Тёмка вспомнил коготь, торчащий из пластика, и понял, что именно Малыш искал на Барахолке.
– Им вообще-то неплохо тут живется, – продолжал водила. – Детишки, когда подрастают, могут помочь материально. Некоторым игрушкам даже пенсию платят. Плюс место посещаемое, туризм, бизнесы всякие. Только грустно им. Они же домашние…
Тёмка понял.
– А ты Матильде предлагал… ну, например, к тебе переехать? – осторожно спросил он.
– Сто раз. – Малыш наконец выехал на относительно чистый участок дороги и газанул так, что Тёмка чуть не прикусил язык. – Не может она уйти. У нее связь сохраняется, я же говорю. Говорит, помру, набьют из меня чучело – купишь, дома поставишь… Куплю, наверное.
– Слушай, а Бритни спидозную, – Тёмка решил сменить тему, – ты куда пристроил?
– К Винни-Пуху. Ты ж там был? С Матильдой?
– С ней, – не стал отрицать Тёмка. – Там белка работает.
– Это сеть, – объяснил водила. – Английская, кстати. Этот, как его… Кристофер Робин основной акционер. Был, – добавил он. – Теперь весь бизнес муми-тролли выкупили.
– А Винни-Пух? – полушутя поинтересовался Костыльков.
– Спился. – Водитель круто развернул машину посреди огромного газона с ярко-зеленой травой. – Кристофер его чучело на «Сотбисе» за четверть лимона толкнул какому-то фанату…
Внезапно в кармане у Малыша заиграло что-то вроде бравурного марша. Тот моментально схватился за трубку, не отпуская руля. Лицо у него сделалось дисциплинированным и ответственным.
– Да, слушаю… Да… Еду… – Он покосился на Тёмку, пожевал губами, потом произнес деревянным голосом: – Я тут застрял на десятой линии, движение по континууму большое, пробка. Да, понимаю, сейчас буду.
Он положил трубку и виновато посмотрел на Костылькова.
– Начальство звонит, срочно-срочно. Я соврал, что на десятой линии, там всегда пробки. В общем, отъездились мы на сегодня. Расплачивайся, а я тебя сейчас домой подкину. Извини, на Тверскую не могу, на Новом Арбате высажу.

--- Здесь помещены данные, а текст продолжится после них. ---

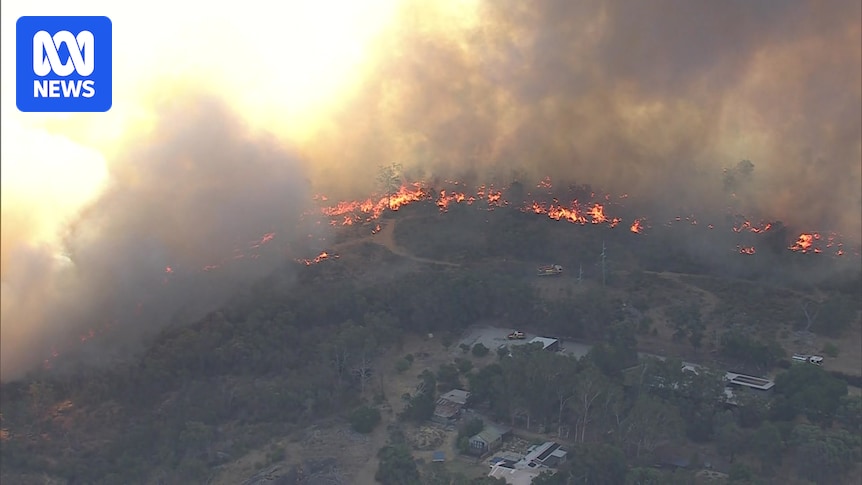 Bushfire warning downgraded for blaze in Darlington, Helena Valley in Perth's eastern suburbs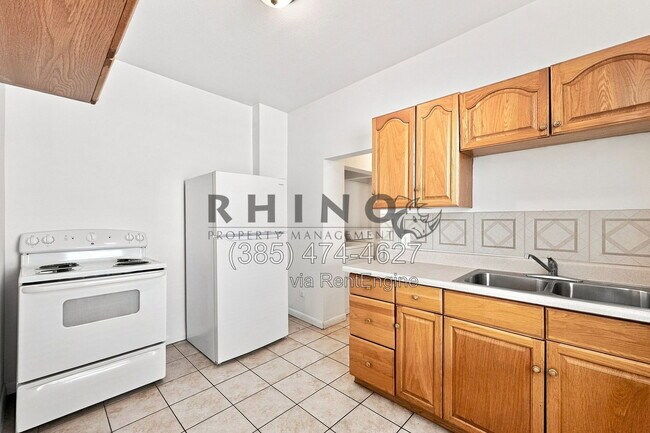 Building Photo - 926 Binford St Unit 2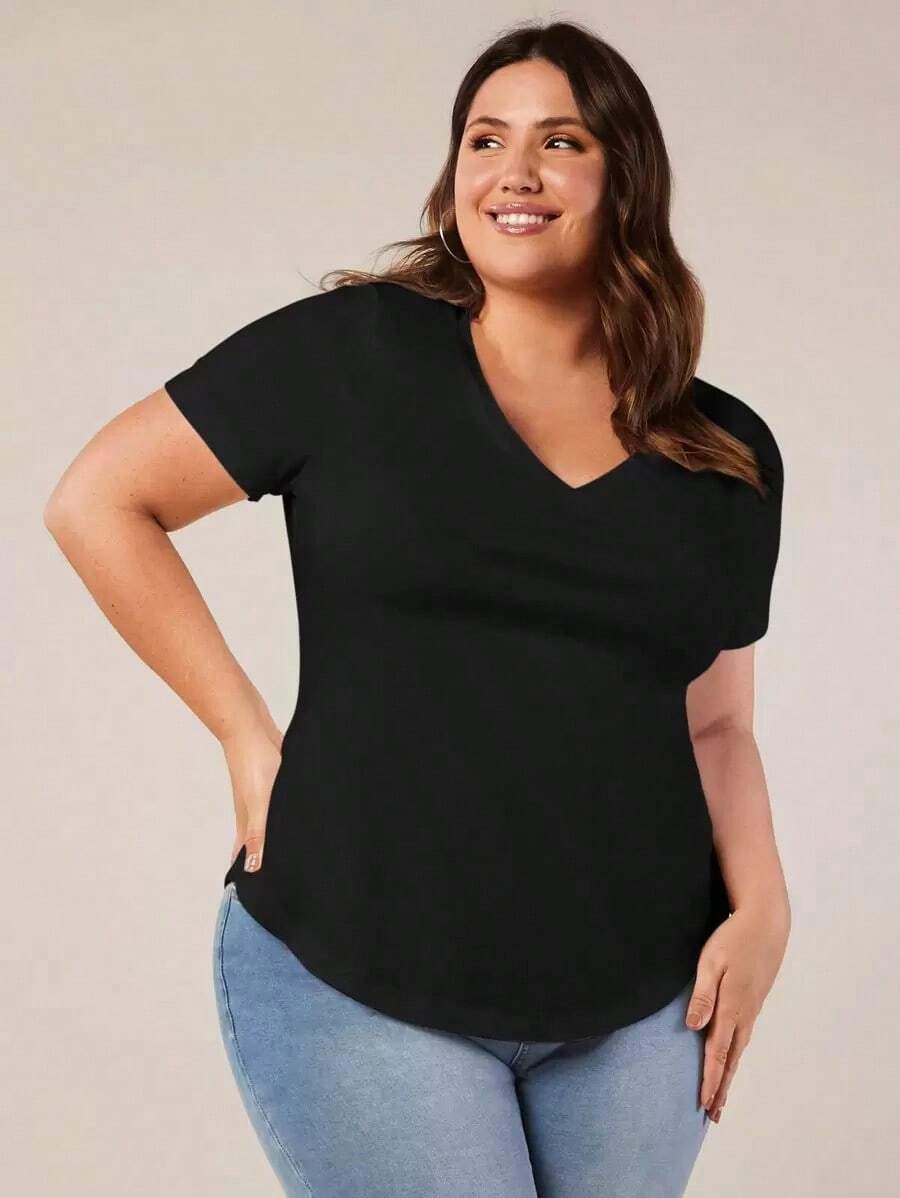 BASICS Camiseta casual versátil de manga corta y cuello en V de talla grande para mujer - Negro - Ver 1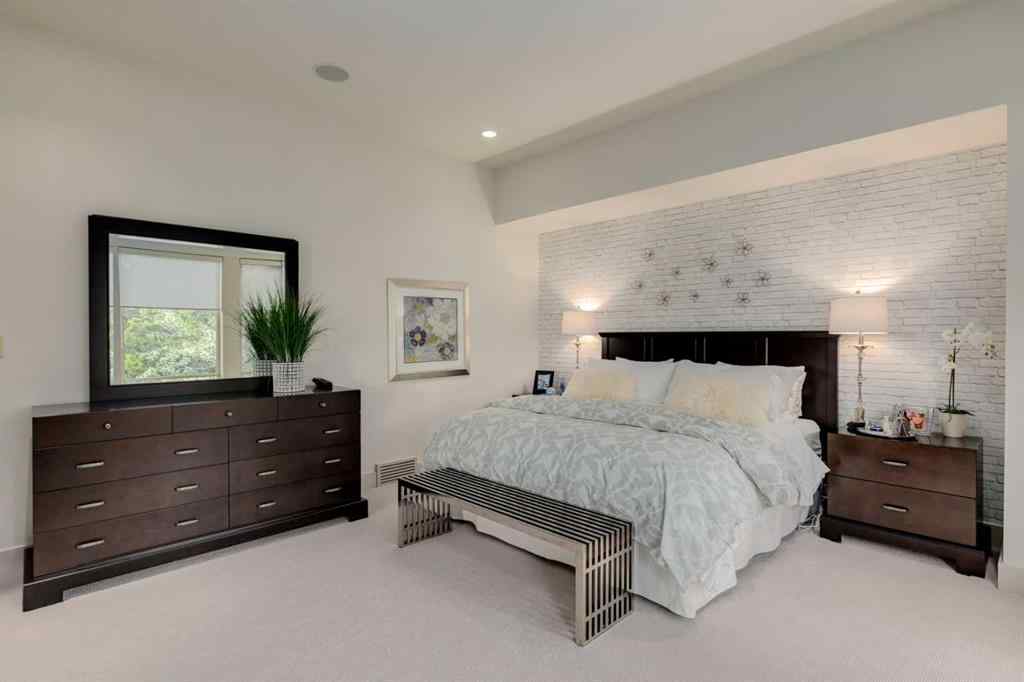 MLS® A2270586 - 1441 23 Street SW in Scarboro Calgary, Residential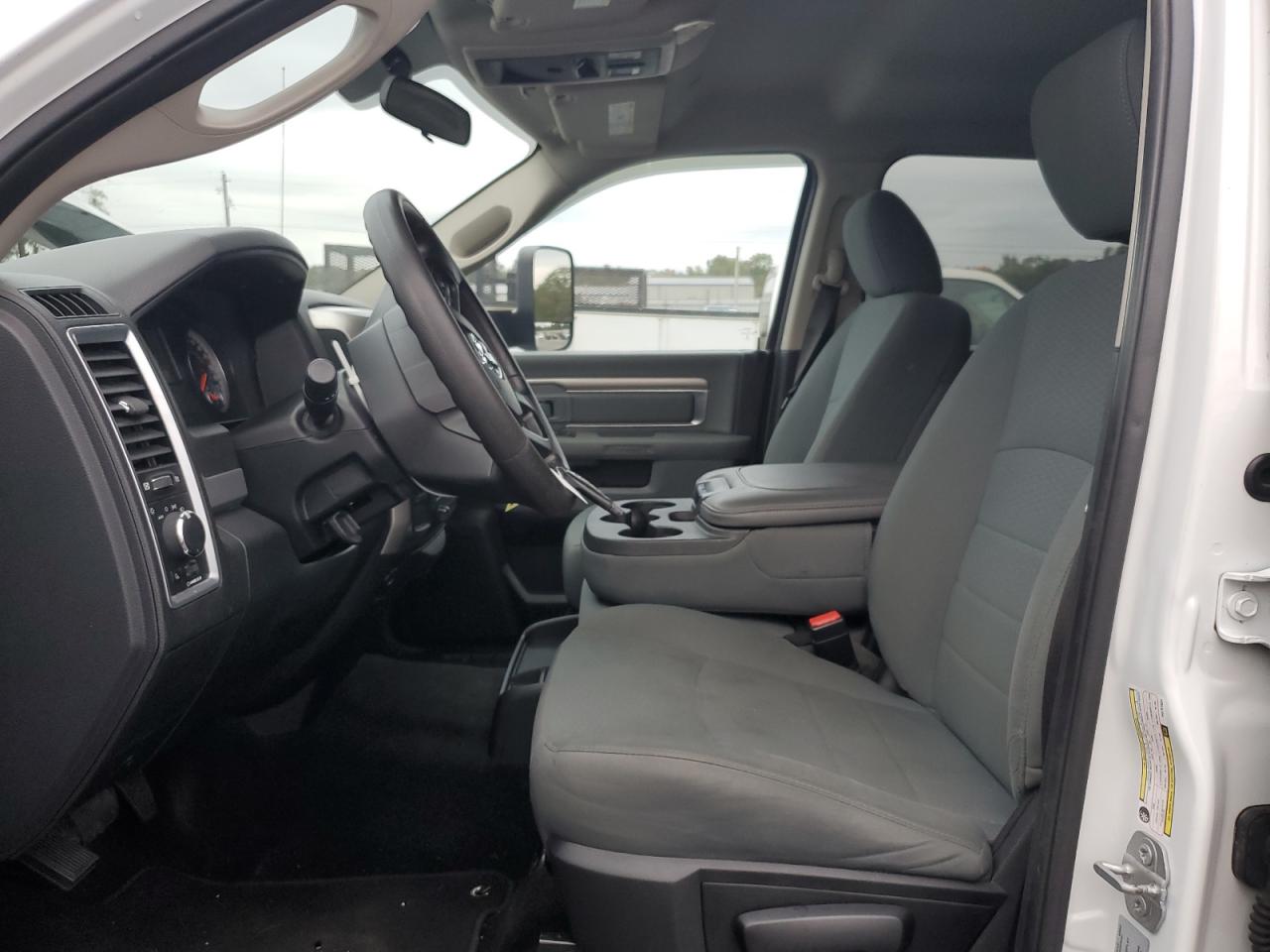2017 RAM 3500 - Image 7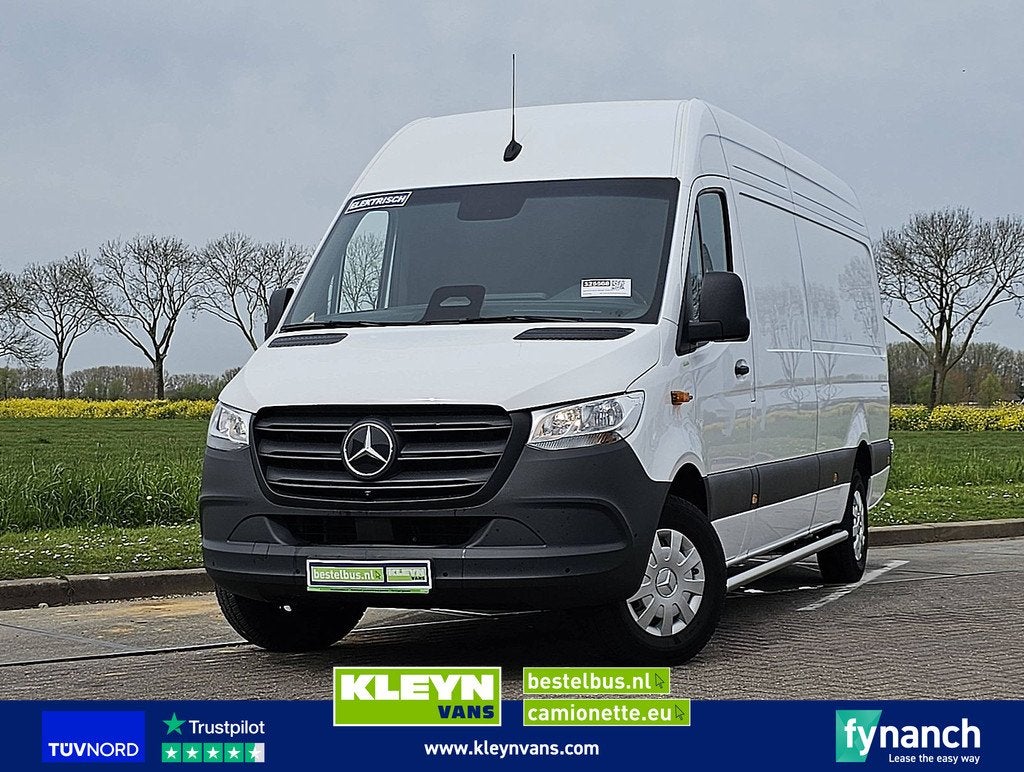MERCEDES-BENZ ESPRINTER 320 300km wltp 81kwh, Automaat, Stoelverwarming, Gebruikt, Wit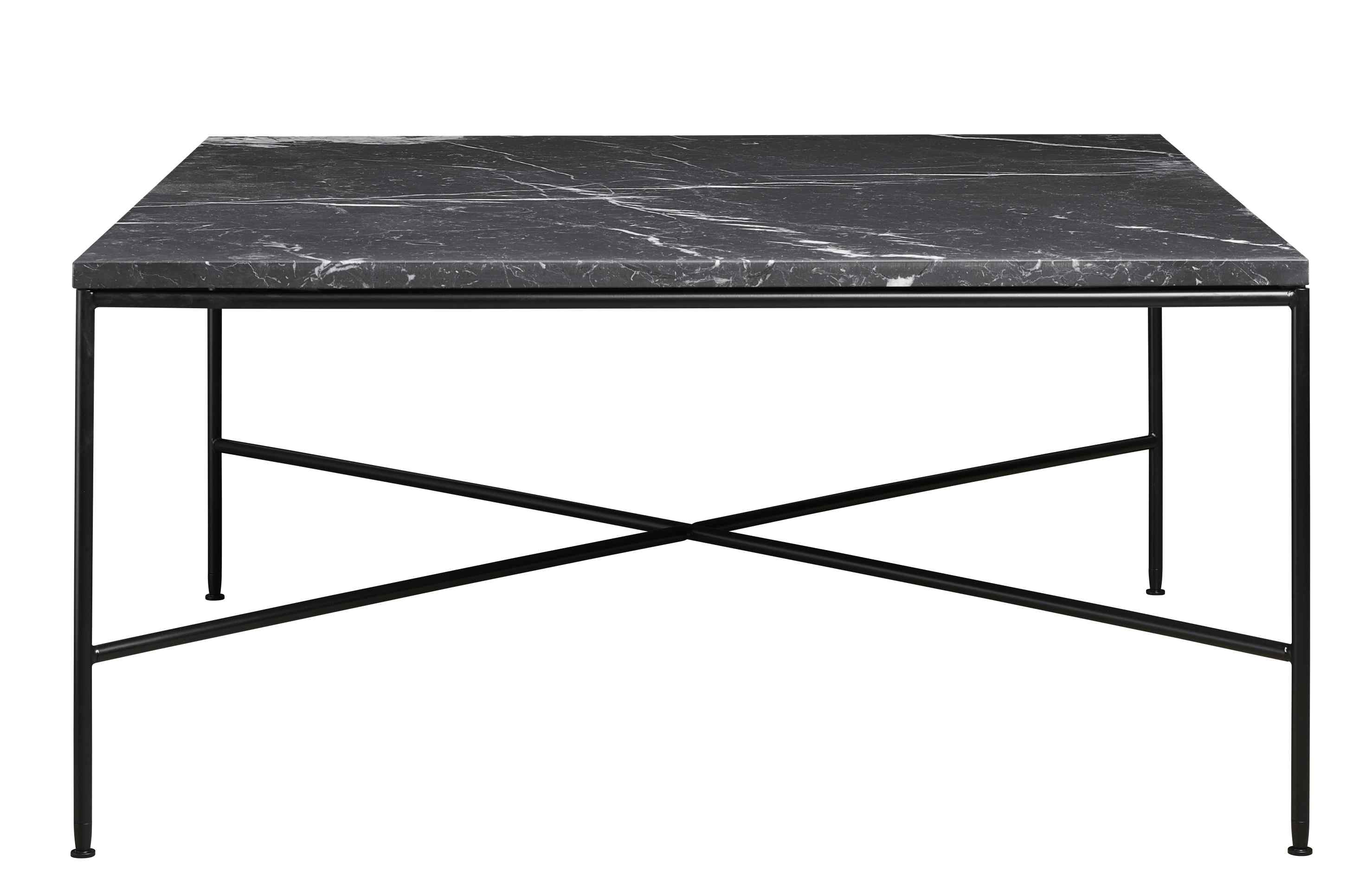 Planner Couchtisch von Fritz Hansen mit quadratischer, schwarzer Marmorplatte und filigranem, schwarzem Stahlgestell.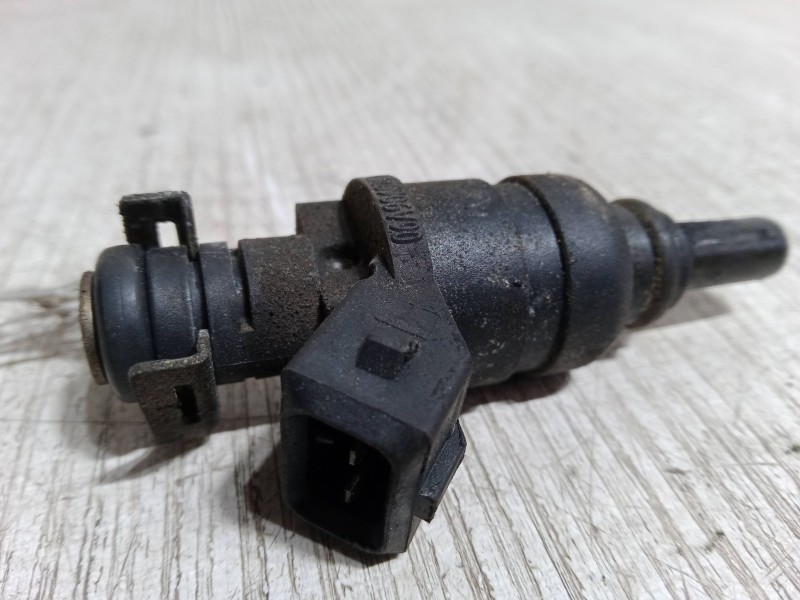 Recambio de inyector para volkswagen golf iv (1j1) 1.9 sdi referencia OEM IAM   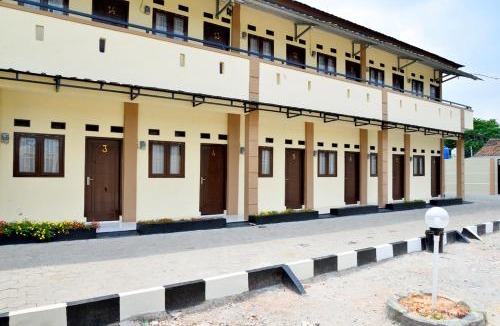 Rajabasa Hostel | Haura syariah home stay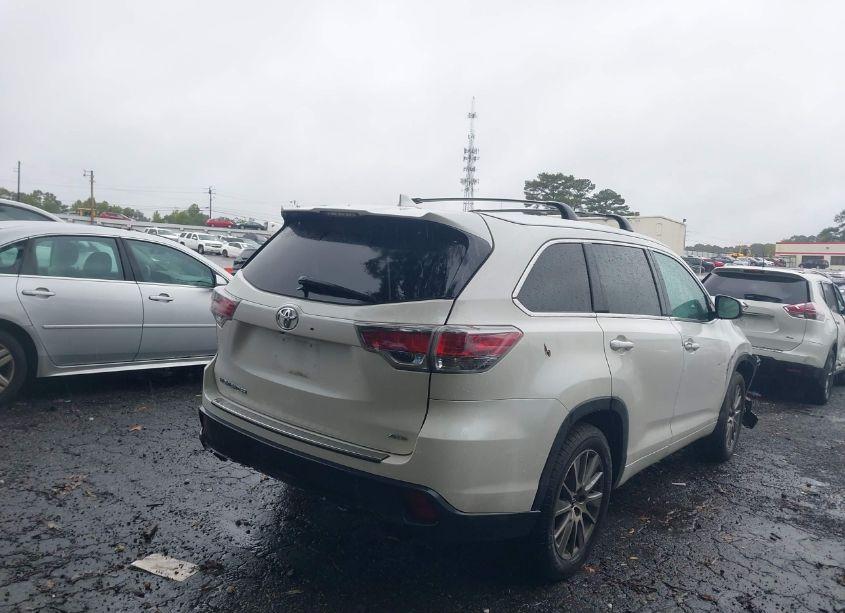 Photo 4 of 2016 Toyota Highlander XLE (VIN 5TDJKRFH5GS347864)
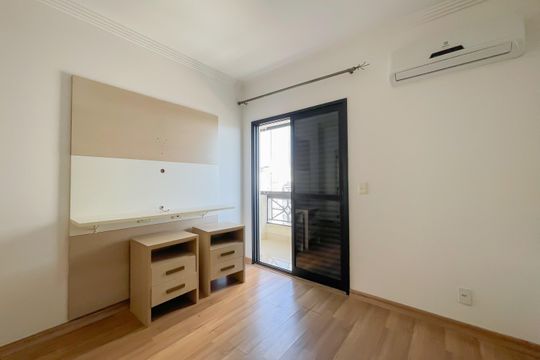 Suíte de apartamento à venda com 3 quartos, 115m² em Vila Osasco, Osasco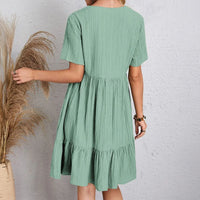 Elegant Vintage-Rockabilly Kleid mit V-Ausschnitt - Aneska Ruffle Style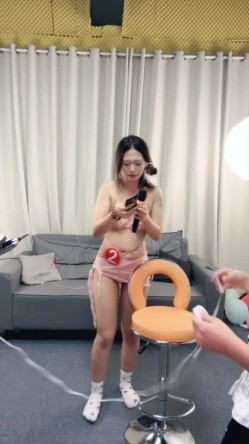 综艺【M8女团】色情版快乐大本营 电奶子，电臀，指压板跳绳，拔B毛 集体裸舞 截图9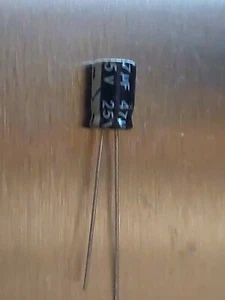 47uf 25v mini 5x7 elektrochemischer kondensator miniatur 105 grad 47 uf 25v - Bild 1 von 5
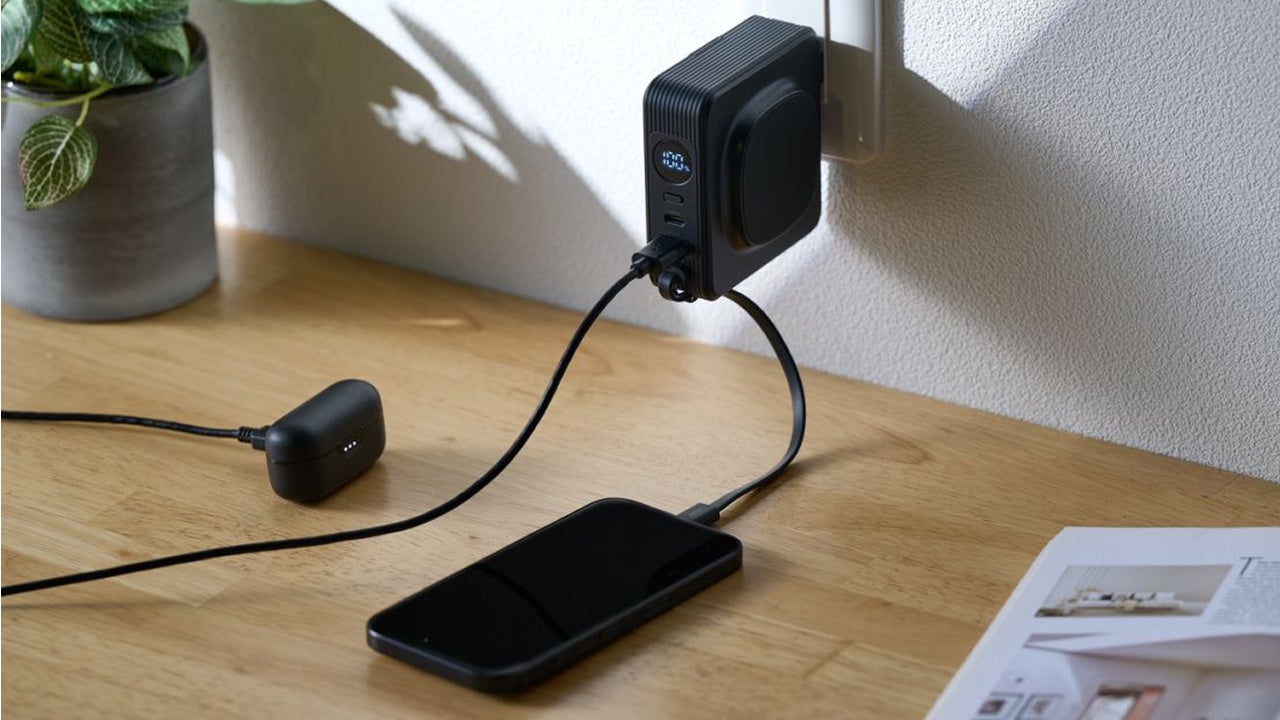 コンセントに挿したエレコムのEC-C68LBKから、スマートフォンとワイヤレスイヤホンをケーブルで充電している様子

– Ну… Жаль, – сказал Тёмка.
– Да не грусти, – подбодрил Малыш. – Телефончик-то мой у тебя остался, да? Если чего надумаешь или куда подбросить надо – созвонимся, угу?
Тёмка подумал, что он прав, и приободрился. Интересности не кончились, а просто отложились на время.
– С тебя шестьсот, – напомнил водитель. – По двести за глобус договаривались, помнишь?